### Function that takes iterates over all files and produces a concatenated dataframe
#### Data produced will be stored in DataFrame named as 'finalDataFrame' that will persist across Notebooks

In [167]:
from oauth2client.service_account import ServiceAccountCredentials
import gspread
import pandas as pd
import time # workaround to get past the issue of Google Sheets API timing out

In [168]:
#retrieve filesInDriveDict
%store -r filesInDriveDict

# Configure the connection 
scopes = ['https://spreadsheets.google.com/feeds', 'https://www.googleapis.com/auth/drive.readonly']
key_file_location = 'gsheetsprivkey\serviceaccount.json'

# Give the path to the Service Account Credential json file 
credentials = ServiceAccountCredentials.from_json_keyfile_name(key_file_location,scopes)

# Authorise your Jupyter Notebook to connect to Google Drive API using private key credentials in 'credentials'
gc = gspread.authorize(credentials)

In [169]:
#List comprehension to pull up all the ids from the filesInDriveDict
fileKeyIDs = [val['id'] for key,val in filesInDriveDict.items()]

#initialize a list with one value , viz number of files in fileKeyIDs
fileIDChunkList = [len(fileKeyIDs)]

# breaking 27 into [7,10,10]
while fileIDChunkList[0] > 10:
    fileIDChunkList.append(10)
    fileIDChunkList[0] = fileIDChunkList[0]-10

In [170]:
#Helper functions

# Note: this function is applied in context of each season
# Add points for each team before the game starts
def addPointsBeforeGame(pd_data):
    #unique teams
    uniqueTeams = pd_data['HomeTeam'].unique()

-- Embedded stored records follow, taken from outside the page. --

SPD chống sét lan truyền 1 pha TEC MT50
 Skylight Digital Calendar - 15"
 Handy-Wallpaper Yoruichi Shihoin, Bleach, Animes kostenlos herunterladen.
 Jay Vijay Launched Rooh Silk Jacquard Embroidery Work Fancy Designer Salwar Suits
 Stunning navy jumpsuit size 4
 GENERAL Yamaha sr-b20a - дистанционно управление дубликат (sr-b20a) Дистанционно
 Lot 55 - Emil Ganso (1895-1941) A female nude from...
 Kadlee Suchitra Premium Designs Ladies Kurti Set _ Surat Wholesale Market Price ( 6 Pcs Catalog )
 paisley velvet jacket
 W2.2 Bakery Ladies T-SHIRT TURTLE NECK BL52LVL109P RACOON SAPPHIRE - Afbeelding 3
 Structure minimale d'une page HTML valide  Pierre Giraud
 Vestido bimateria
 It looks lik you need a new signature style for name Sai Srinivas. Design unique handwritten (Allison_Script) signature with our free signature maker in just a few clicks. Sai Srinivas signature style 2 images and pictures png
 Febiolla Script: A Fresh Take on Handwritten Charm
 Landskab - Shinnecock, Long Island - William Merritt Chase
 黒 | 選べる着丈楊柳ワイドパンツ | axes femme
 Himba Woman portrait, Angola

    #build dict with all teams in that season; initialize to zero for each
    teamPoints = {uniqueTeams[i]:0 for i in range(0,len(uniqueTeams))};
    
    # Adding new feature: Points before each game starts
    # PBGH = PointsBeforeGameHomeTeam in that season
    # PBGA = PointsBeforeGameAwaayTeam in that season
    pd_data['PBGH'] = 0
    pd_data['PBGA'] = 0

    for index,row in pd_data.iterrows():
        #set points before start of game into DataFrame
        pd_data.loc[index,'PBGH'] = teamPoints[row['HomeTeam']]
        pd_data.loc[index,'PBGA'] = teamPoints[row['AwayTeam']]
        #check who won and who lost
        if (row['FTR']=='D'):
            teamPoints[row['HomeTeam']] += 1
            teamPoints[row['AwayTeam']] += 1
        elif (row['FTR']=='H'):
            teamPoints[row['HomeTeam']] += 3
        elif (row['FTR']=='A'):
            teamPoints[row['AwayTeam']] += 3
    return 

# Note: this function is applied in context of all seasons
def populateCumulativeGoalsAndStreak(finalData):
    
    #across all seasons thus far
    uniqueTeams = finalData['HomeTeam'].unique()
    
    #build dict with ALL teams; initialize to ----- for each
    teamStreak = {uniqueTeams[i]: {'GS': 0,'GC':0,'Streak':'----'} for i in range(0,len(uniqueTeams))}; 
    
    # Adding new feature: Win streak before game
    # HomeStreak = Streak of home team before the game
    # AwayStreak = Streak of away team before the game
    # initialize to null initial value
    finalData['HomeStreak'] = ''
    finalData['AwayStreak'] = ''
    finalData['HTGS'] = 0
    finalData['HTGC'] = 0
    finalData['ATGS'] = 0
    finalData['ATGC'] = 0

        
    for index,row in finalData.iterrows():
    
        #Populate streak data into columns before game outcome is counted
        finalData.at[index,'HomeStreak'] = teamStreak[row['HomeTeam']]['Streak'];
        finalData.at[index,'AwayStreak'] = teamStreak[row['AwayTeam']]['Streak'];
        finalData.at[index,'HTGS'] = teamStreak[row['HomeTeam']]['GS'];
        finalData.at[index,'ATGS'] = teamStreak[row['AwayTeam']]['GS'];
        finalData.at[index,'HTGC'] = teamStreak[row['HomeTeam']]['GC'];
        finalData.at[index,'ATGC'] = teamStreak[row['AwayTeam']]['GC'];

        teamStreak[row['HomeTeam']]['GS'] += int(row['FTHG'])
        teamStreak[row['AwayTeam']]['GC'] += int(row['FTHG'])
        teamStreak[row['AwayTeam']]['GS'] += int(row['FTAG'])
        teamStreak[row['HomeTeam']]['GC'] += int(row['FTAG'])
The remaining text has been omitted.